Try it | Exactly retype the lines from the top of the data through the line containing "In this video, you", leaving out every picture.
Dataset content below:
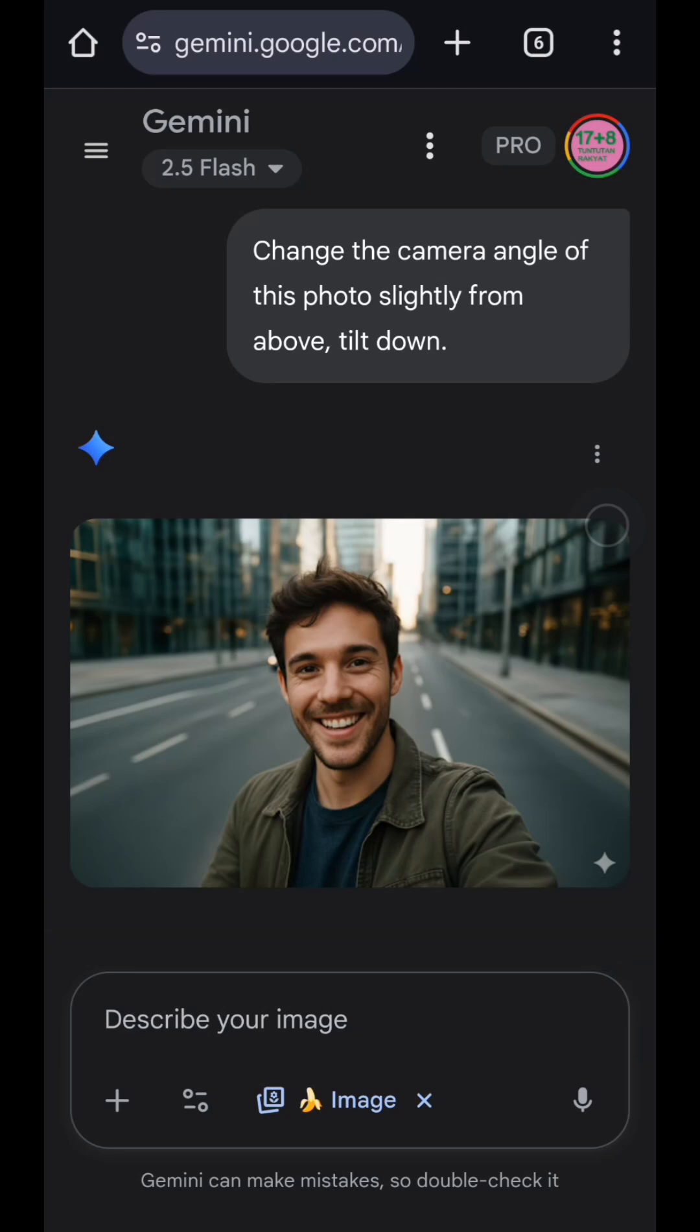And now let's try something more advanced, like changing the position of the photo's point of view. So just type a prompt like this.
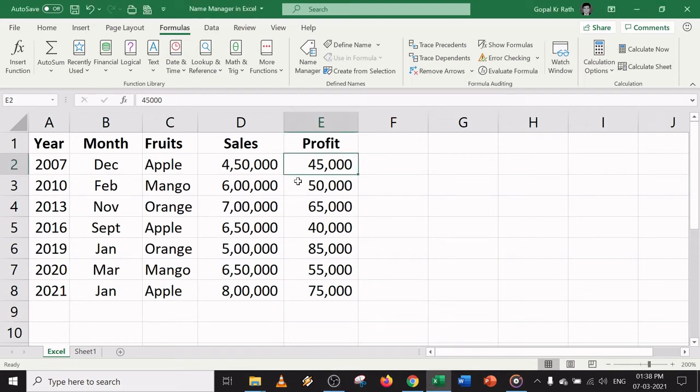In this video, you will learn about the Name Manager in Excel. This is the most interesting and amazing feature in Excel, so you must learn how to use it. The Name Manager can do a lot of things in a simple and easy way, and it can save a lot of time in your Excel work.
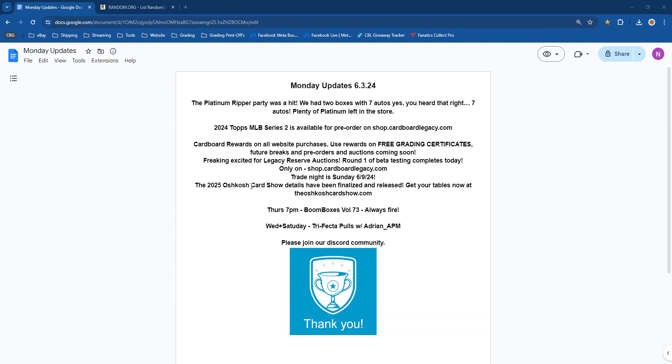The 2025 Oshkosh Card Show details been finalized or released, get your tables now at theoshkoshcardshow.com. Returning are both of our sponsors from last year, Modified Exterior and Interior, as well as Kevin Stein with Expert Real Estate Partners. A new sponsor this year, CB Hobby in Kaukauna, jumping in and sponsoring the Oshkosh Card Show.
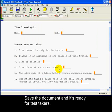And there you have it. Save the document and it's ready for test takers.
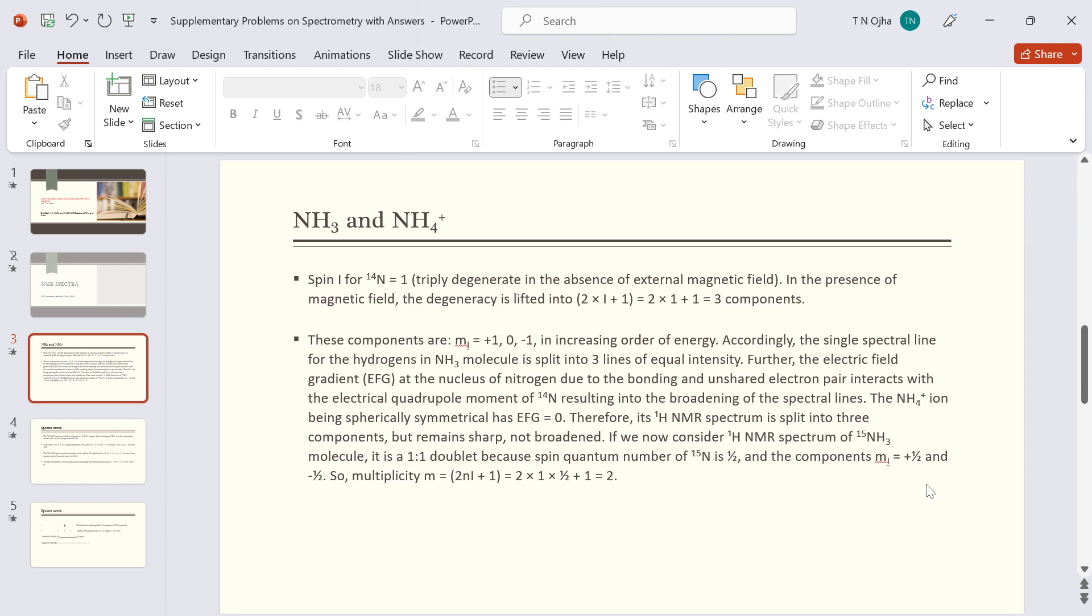Accordingly, the single spectral line for the hydrogen ammonia molecule is split into three lines of equal intensity. Further, the electric field gradient at the nucleus of nitrogen, due to the bonding and unshared electron pair, interacts with the electrical quadrupole moment of N14 nucleus, resulting in the broadening of the spectral lines.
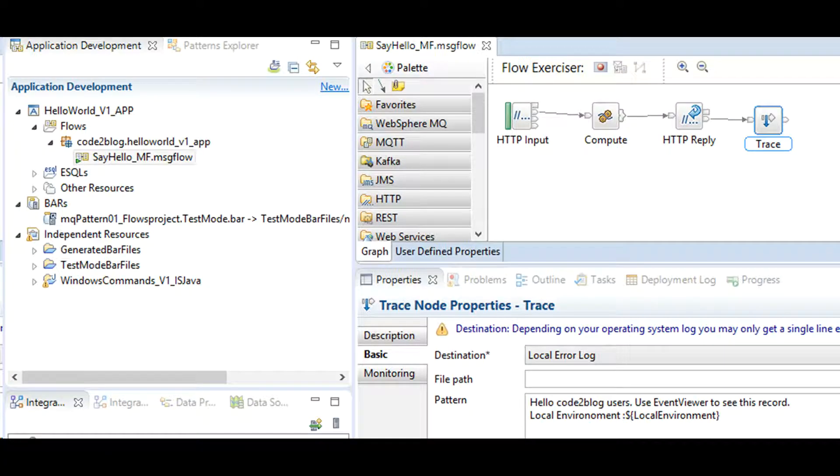I now write the trace to error log. Pattern used with dollar symbol would write data from local environment to error log.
End of Dataset content.
Task answer |
And now let's try something more advanced, like changing the position of the photo's point of view. So just type a prompt like this.
In this video, you will learn about the Name Manager in Excel. This is the most interesting and amazing feature in Excel, so you must learn how to use it. The Name Manager can do a lot of things in a simple and easy way, and it can save a lot of time in your Excel work.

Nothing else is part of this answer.